[Excerpted records Boundary: Start]

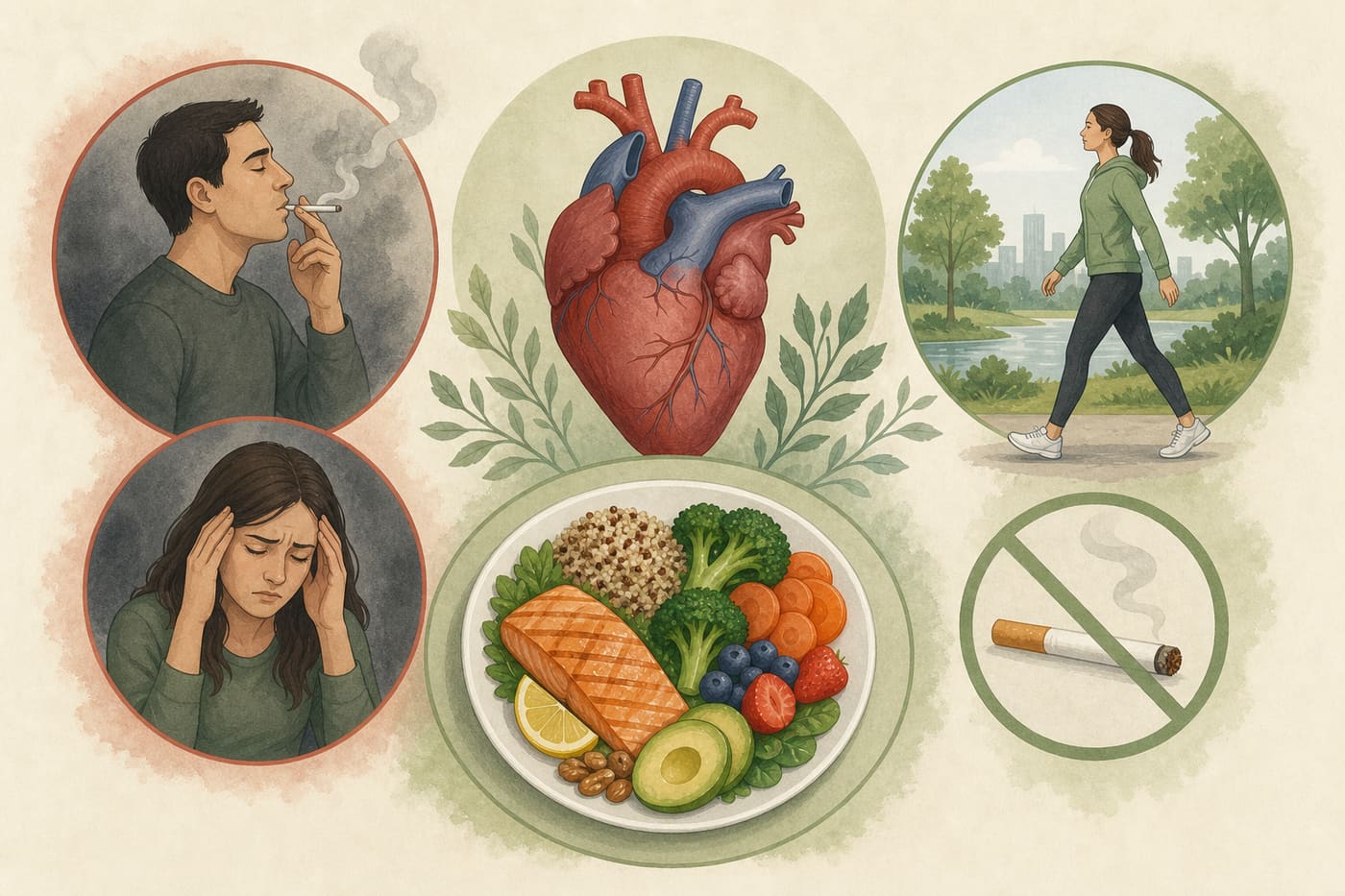 Illustration of heart risk factors versus walking, smoke-free, and heart-healthy plate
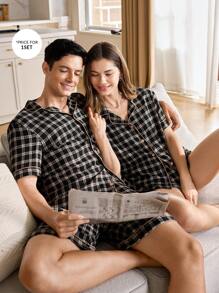 CoupledUp Plaid Collar Button-Up Short Sleeve & Shorts Men Pajama Set - Black - View 1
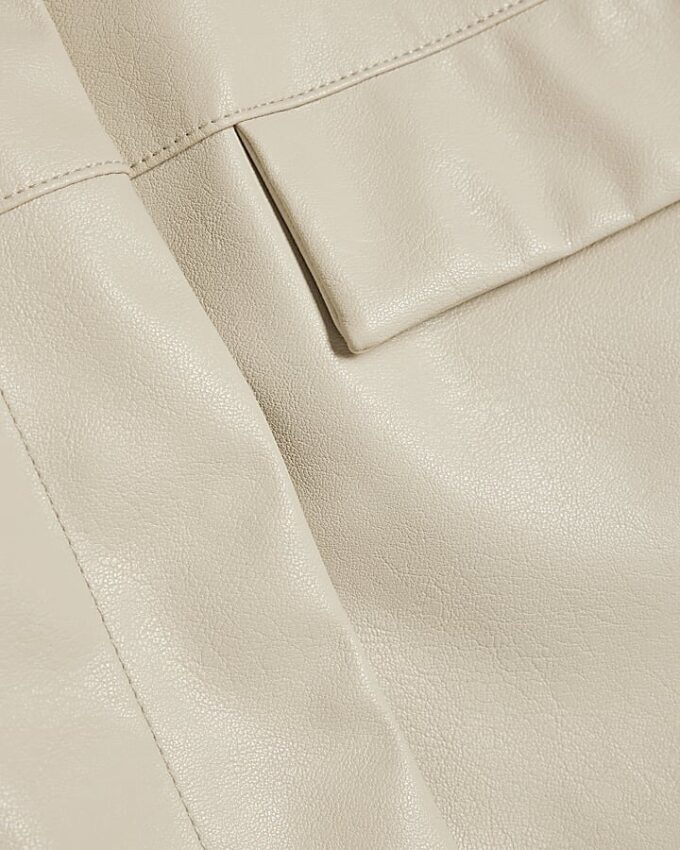 Cream Faux Leather Cropped Overshirt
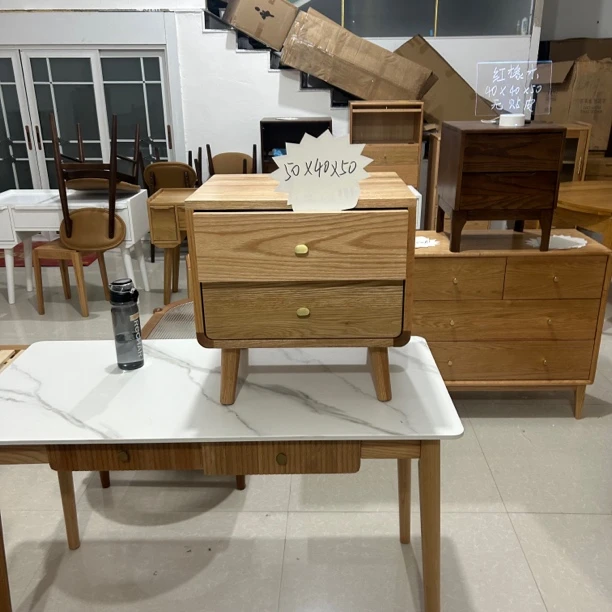 北美红橡木床头柜全实木无板材北欧风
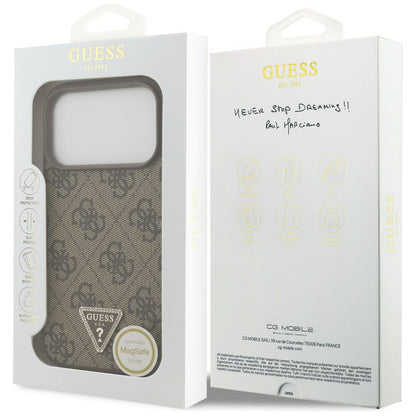 MagSafe futrola za Apple iPhone 18 Pro / 17 Pro, Guess, 4G Triangle Strass, Braon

[Excerpted records Boundary: End]

_Assignment_. Return only what lies between the line containing "Cream Faux Leather Cropped Overshirt" and the last line of the listing, those two lines included, exactly as written and with no pictures.

_Expected answer_.
 Cream Faux Leather Cropped Overshirt
 北美红橡木床头柜全实木无板材北欧风
 MagSafe futrola za Apple iPhone 18 Pro / 17 Pro, Guess, 4G Triangle Strass, Braon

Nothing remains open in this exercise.